The Challenge with Social Thresholds
Another stunning fact about Wilt is that 24 out of the 32 of his 60+ games came in his third and fourth seasons, when he had his highest free throw percentage. That also includes his 100-point game. But then Wilt Chamberlain suddenly stopped shooting free throws underhanded after only a little more than a single season.
Why would Wilt stop when all the stats pointed to better results? It’s because he felt like a “sissy” shooting the ball underhanded—no one else was doing it. According to Gladwell, there are social thresholds and individual tolerances to those thresholds that keep people from taking action on certain data. These social thresholds affect decision making all the way from the head office, to coaching staffs, down to individual players. Sadly, after his fourth season, Wilt Chamberlain returned to his ways for the remainder of his 14-year career to end up holding the most dubious of his records, that of being the worst free-throw shooter in history at 51.1%.
Mr. Gladwell’s point was that maybe if the coaching staff had focused on coaching more of Wilt’s teammates to shoot the ball underhanded, he wouldn’t have been so self-conscious about it. It’s very possible that if they had, Wilt may have reached the 100-point mark more than once and his teams would have won more games and championships?
Data can spark ideas but without action it’s meaningless. Few people will move forward without good examples of success – the social threshold effect. Modernizing IT is just as much about socializing change as it is about finding the right technologies to create change. How do you successfully roll out a new technology or initiative? There is a certain degree of socialization involved. However, the socialization methods can be different—when it comes to socializing technology, start small and build on and promote each success. When it comes to socializing data, go big and create more transparency by giving more people access to ways to visualize data in the context of their business. Then publish the success from such findings, no matter what departments they come from.

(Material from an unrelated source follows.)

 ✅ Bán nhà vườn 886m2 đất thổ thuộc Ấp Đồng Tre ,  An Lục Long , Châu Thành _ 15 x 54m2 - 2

Appeal to the Emotional Side—Then to the Logical Side of the Brain
Another speaker at the Qualtrics Insight Summit was Chip Heath, co-author of multiple best selling books. Mr. Heath made similar observations as Malcom Gladwell about why people see information and don’t take action. His primary emphasis, however, was that when we want to create change, the easiest way to do it is by appealing to both the emotional side of people’s brains, which initiates action, and by empowering the logical side of their brains with the appropriate information, which gives people confidence to move forward without getting stuck in analysis paralysis.
You can create a similar experience in IT when you combine a more intuitive, user experience that appeals to the emotional side of the brain along with contextual, easy to interpret, data for everyone in your business to exercise the logical side of their brains. Early success with workspaces for roles like the IT Analyst, Asset Managers, Security Admins and End Users make it apparent that most businesses will benefit by using workspace technology and methodology to build a better user, employee, and customer experience [Three Reasons Why IT Should Care about User Experience White Paper].
- If you’re not seeing people or groups making changes related to significant data, address the social thresholds and see if you can create and publish more about the success of your technology initiatives.
- When rolling out new technology, make sure you appeal as much to the emotional side of people’s brains as you do to their logical side—It may require communicating more about “the team came up with this solution”, or “we made it happen faster than expected”, or “this will make a difference to the business”.
- Modernize your IT by combining the benefits of the user experience with the content and information to drive action in your organization—When you get the experience and the role-based processes right, people will have a hard time describing why things just click and business moves quicker—but you’ll know why.